Will BP and Shell Merge?
David Strahan, the author of The Last Oil Shock, yesterday raised the old chestnut of a BP- Shell merger that periodically does the rounds. “BP and Shell are finally set to merge. That’s if you believe the tittle-tattle in the Square Mile”, he wrote.
Strahan wrote about how, although it a joined up BP – Shell business “would dwarf that of American behemoth ExxonMobil” and make big cost cutting “the real motivation will be far darker: desperation.”
He argues that “their fundamental problem is identical: the inability to replenish the oil they produce with fresh reserves. This matters because the replacement ratio is one of the most important factors affecting an oil company’s stock market valuation, and a rough-and-ready guide to how long it can survive.

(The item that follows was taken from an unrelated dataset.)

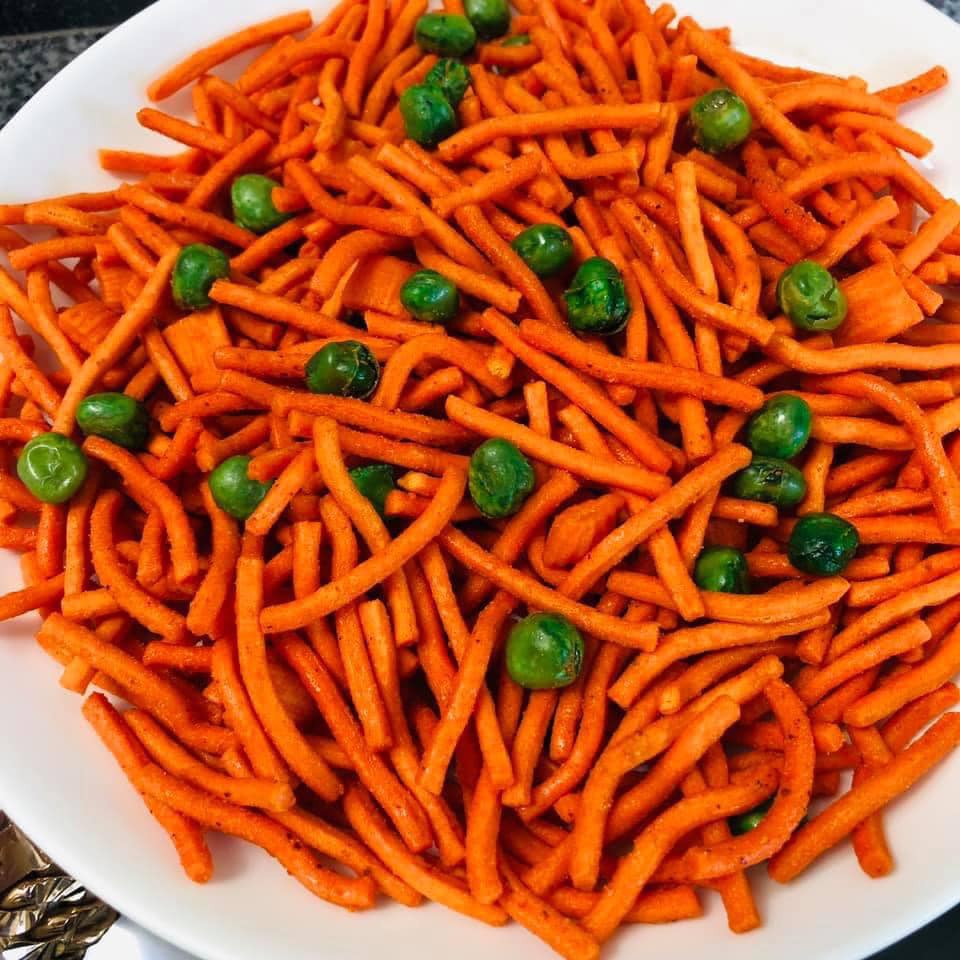 Snack Bim Bim tăm đậu Hà Lan 90 Food túi Zip 500G giòn tan thơm ngon nhức nách, đồ ăn vặt Việt Nam an toàn VSTP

“Shell’s difficulties here are well known – in the five years to 2005 its reserve-replacement ratio was just 67 per cent – but BP is also struggling. Although its own ratio is still positive, it has fallen every year since 2002, and without the contribution of the fabulously risky Russian joint venture, TNK-BP, the figure last year would have been just 34 per cent.”
“Shell and BP’s troubles are neither unusual nor surprising, but they are exacerbated by these groups being some of the biggest fish in a shrinking pond. The fact is they are substantially excluded from Opec countries, which control 75 per cent of the world’s proven reserves. And their plight is worsening as resource nationalism takes hold from Russia – where Gazprom has just wrested control of both Shell’s Sakhalin II project and BP’s Kovykta field – to Venezuela, where international oil interests have simply been expropriated.
“Consolidation was always likely to be the more effective strategy since global annual oil discovery has been falling for 40 years. It was precisely Shell’s failure to find a partner in the late 1990s – when Exxon merged with Mobil, BP took over Amoco and Arco, and Total snapped up Fina and Elf – that led to the pressures that produced the reserves scandal of 2004, when Shell admitted it had overstated the proven oil and gas on its books by billions of barrels.
He argues that “BP and Shell are made for each other, and if and when it happens, the deal will be lauded for busting all stock market records. But it should also be seen for its real significance: a warning light for the imminent peak of non-Opec oil production.”